(Records from a data source)
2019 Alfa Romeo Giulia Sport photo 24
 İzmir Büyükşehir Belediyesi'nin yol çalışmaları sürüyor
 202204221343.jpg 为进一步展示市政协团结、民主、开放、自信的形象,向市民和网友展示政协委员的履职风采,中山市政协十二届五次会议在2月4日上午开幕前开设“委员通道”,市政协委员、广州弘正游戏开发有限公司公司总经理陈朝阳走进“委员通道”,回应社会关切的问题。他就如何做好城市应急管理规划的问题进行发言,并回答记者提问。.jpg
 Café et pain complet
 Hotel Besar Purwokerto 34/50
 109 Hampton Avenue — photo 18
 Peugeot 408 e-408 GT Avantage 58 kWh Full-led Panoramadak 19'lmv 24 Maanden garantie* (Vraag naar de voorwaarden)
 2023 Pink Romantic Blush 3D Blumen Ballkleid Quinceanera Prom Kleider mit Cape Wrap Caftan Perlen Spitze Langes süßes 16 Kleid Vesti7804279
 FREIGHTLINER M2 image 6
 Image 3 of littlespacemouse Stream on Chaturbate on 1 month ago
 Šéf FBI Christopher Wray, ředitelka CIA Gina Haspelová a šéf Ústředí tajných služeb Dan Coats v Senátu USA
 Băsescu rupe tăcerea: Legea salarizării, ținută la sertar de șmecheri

— EXERCISE DIRECTIONS —
Exact copies of all the records are to be printed.

— SOLUTION TO THIS EXERCISE —
2019 Alfa Romeo Giulia Sport photo 24
 İzmir Büyükşehir Belediyesi'nin yol çalışmaları sürüyor
 202204221343.jpg 为进一步展示市政协团结、民主、开放、自信的形象,向市民和网友展示政协委员的履职风采,中山市政协十二届五次会议在2月4日上午开幕前开设“委员通道”,市政协委员、广州弘正游戏开发有限公司公司总经理陈朝阳走进“委员通道”,回应社会关切的问题。他就如何做好城市应急管理规划的问题进行发言,并回答记者提问。.jpg
 Café et pain complet
 Hotel Besar Purwokerto 34/50
 109 Hampton Avenue — photo 18
 Peugeot 408 e-408 GT Avantage 58 kWh Full-led Panoramadak 19'lmv 24 Maanden garantie* (Vraag naar de voorwaarden)
 2023 Pink Romantic Blush 3D Blumen Ballkleid Quinceanera Prom Kleider mit Cape Wrap Caftan Perlen Spitze Langes süßes 16 Kleid Vesti7804279
 FREIGHTLINER M2 image 6
 Image 3 of littlespacemouse Stream on Chaturbate on 1 month ago
 Šéf FBI Christopher Wray, ředitelka CIA Gina Haspelová a šéf Ústředí tajných služeb Dan Coats v Senátu USA
 Băsescu rupe tăcerea: Legea salarizării, ținută la sertar de șmecheri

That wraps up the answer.